Download PDF The 1933 and 1934 Securities Acts delegate authority to the Securities Exchange Commission (SEC) to regulate US securities markets in the interest of investor protection. This authority includes the responsibility to design and monitor reporting by security issuers. Although one may question the success of the SEC’s process in the context of specific disclosures, the resulting reporting environment is viewed as one of the best in the world. Capital issuers from other jurisdictions choose to adhere to the higher quality accounting and reporting standards in the US in order to lower their cost of raising capital.
The Dodd-Frank Act of 2010 intrudes on the SEC’s well-established process by including several provisions that require the SEC to formulate certain corporate disclosures. Two problems arise from Congressional intervention in this process.
First, the mandated disclosures have no clear relationship to either financial reform or consumer protection. Title XV of the Act (“Specialized corporate disclosure provisions”), for example, mandates disclosure requirements for conflict minerals (Section 1502), coal mine health and safety violations (Section 1503), and payments to governments by firms in the resource extraction industry (Section 1504). The fact that the Act delegates implementation of disclosure rules for these items to the SEC, rather than controlling these activities directly through legislation, allows Congress to promote social causes (e.g., discouraging support for rebels from conflict mineral mining in foreign countries) in the guise of investor protection while avoiding any on-budget costs.

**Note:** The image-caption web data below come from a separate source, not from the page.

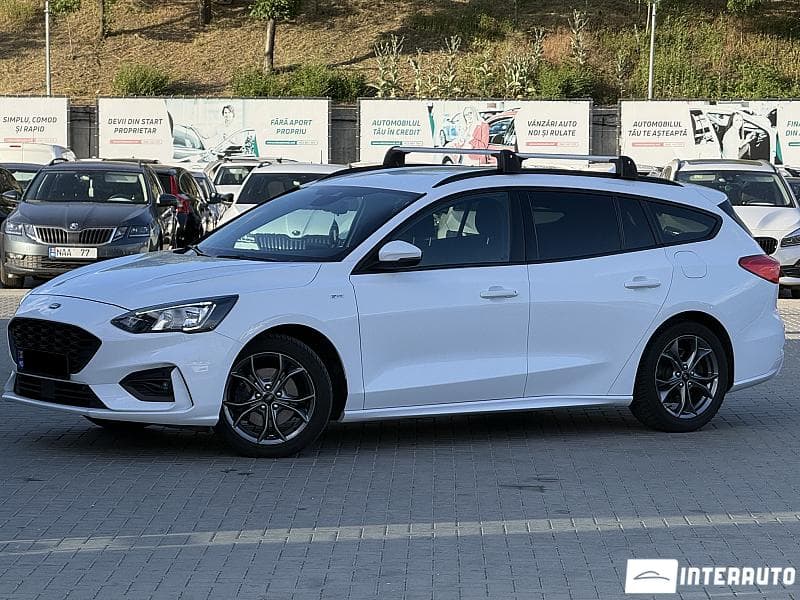 Ford Focus 2019 — Миниатюра 2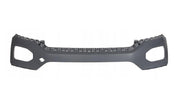 VW TROC 2017 - 2022 FRONT BUMPER 2GA807217JGRU UPPER SECTION PRIMED NO SENSORS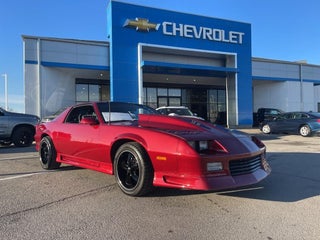 1991 Chevrolet Camaro RS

Second, Dodd-Frank overrides the cost/benefit analysis that is an important component of the SEC’s process in mandating disclosures. Indeed, these disclosures were mandated without regard for whether they would withstand a careful cost/benefit analysis by the SEC. A recent judicial decision illustrates this concern. Rule 14a-11 regarding shareholder proxy access for director nominations, another result of Dodd-Frank’s provisions, was successfully challenged in the District of Columbia Circuit Court of Appeals in the Business Roundtable v. SEC case on the grounds that it was not supported by a careful evaluation of the costs and benefits.
In summary, Congressional mandates for disclosure circumvent the established due diligence process at the SEC and saddle publicly-traded corporations with disclosure requirements that are not based on discernible benefits to investors, but that needlessly impose costs on them.